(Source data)
• • • •
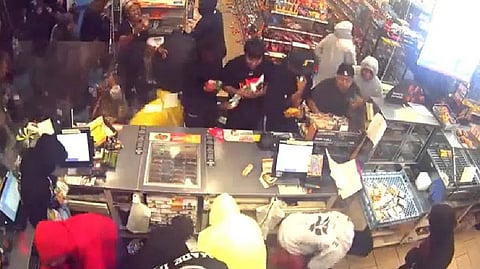 Video showing looters ransacking LA store goes viral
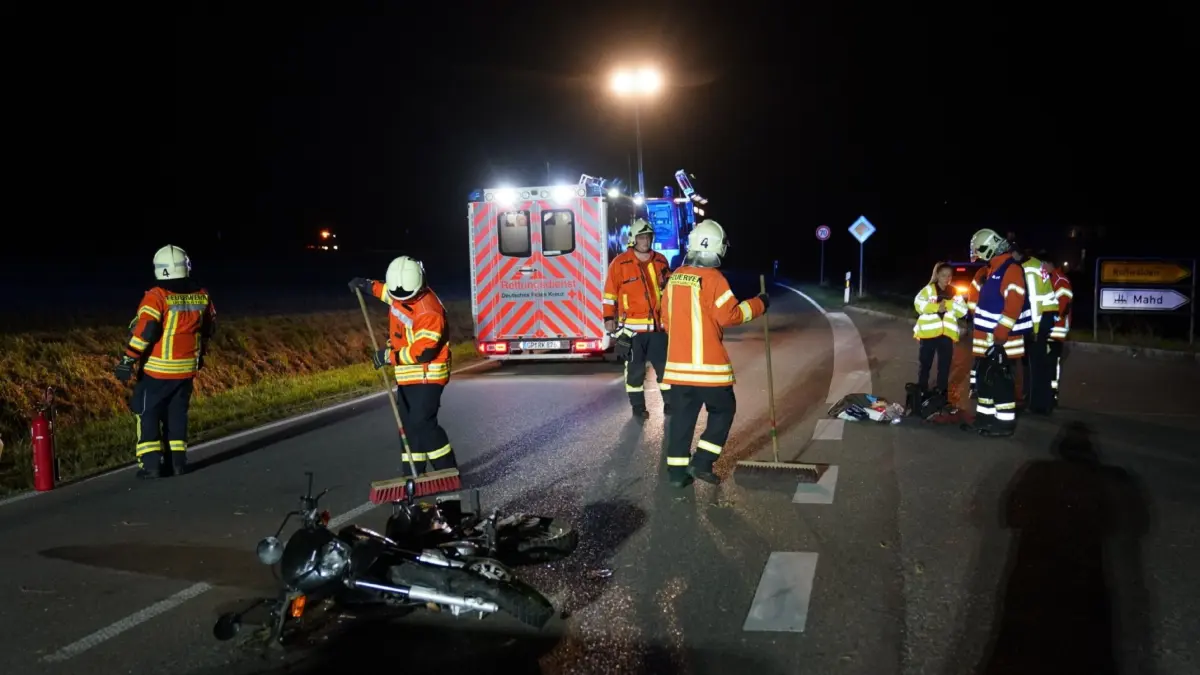 Rosswaelden: Motorradfahrer bei Zusammenstoss mit Pkw schwer verletzt: Am Samstagabend gegen 20.20 Uhr kam eine 26-jaehrige Pkw-Lenkerin aus der Dorfstrasse und wollte auf die L 1152 fahren. Dabei uebersah sie einen 39-jaehrigen Motorradfahrer. Dieser prallte seitlich in den Kotfluegel des Pkw, wurde ueber das Fahrzeug geschleudert und dabei schwer verletzt.<br />
<br />
Zur Versorgung des Motorradfahrers war ein Rettungshubschrauber aus Tuebingen im Einsatz. Nach der medizinischen Versorgung wurde der 39-Jaehrige mit dem Hubschrauber in eine Klinik nach Tuebingen geflogen.<br />
<br />
Auch die 26-jaehrige Pkw-Lenkerin wurde bei dem Unfall verletzt und mit einem Rettungswagen in eine Klinik gebracht. Ihr Fahrzeug war nach dem Zusammenstoss im Graben zum Stehen gekommen. Da sich die Tuer aufgrund der Lage des Pkw nicht mehr oeffnen liess, musste die Feuerwehr die Frau aus dem Fahrzeug befreien.<br />
<br />
Die Feuerwehr nahm zudem auslaufende Betriebsstoffe des Motorrads auf. Die Verbindungsstrasse zwischen Rosswaelden und Ebersbach war waehrend des Einsatzes voll gesperrt. Die Hoehe des entstandenen Sachschadens ist derzeit noch unklar. Die Polizei hat die Ermittlungen zum Unfallhergang aufgenommen.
• • • •
- [Task instructions]
Your answer must be an exact repeat of the records above, with the pictures left out.

- [Solution to the problem]
 Video showing looters ransacking LA store goes viral
 Rosswaelden: Motorradfahrer bei Zusammenstoss mit Pkw schwer verletzt: Am Samstagabend gegen 20.20 Uhr kam eine 26-jaehrige Pkw-Lenkerin aus der Dorfstrasse und wollte auf die L 1152 fahren. Dabei uebersah sie einen 39-jaehrigen Motorradfahrer. Dieser prallte seitlich in den Kotfluegel des Pkw, wurde ueber das Fahrzeug geschleudert und dabei schwer verletzt.<br />
<br />
Zur Versorgung des Motorradfahrers war ein Rettungshubschrauber aus Tuebingen im Einsatz. Nach der medizinischen Versorgung wurde der 39-Jaehrige mit dem Hubschrauber in eine Klinik nach Tuebingen geflogen.<br />
<br />
Auch die 26-jaehrige Pkw-Lenkerin wurde bei dem Unfall verletzt und mit einem Rettungswagen in eine Klinik gebracht. Ihr Fahrzeug war nach dem Zusammenstoss im Graben zum Stehen gekommen. Da sich die Tuer aufgrund der Lage des Pkw nicht mehr oeffnen liess, musste die Feuerwehr die Frau aus dem Fahrzeug befreien.<br />
<br />
Die Feuerwehr nahm zudem auslaufende Betriebsstoffe des Motorrads auf. Die Verbindungsstrasse zwischen Rosswaelden und Ebersbach war waehrend des Einsatzes voll gesperrt. Die Hoehe des entstandenen Sachschadens ist derzeit noch unklar. Die Polizei hat die Ermittlungen zum Unfallhergang aufgenommen.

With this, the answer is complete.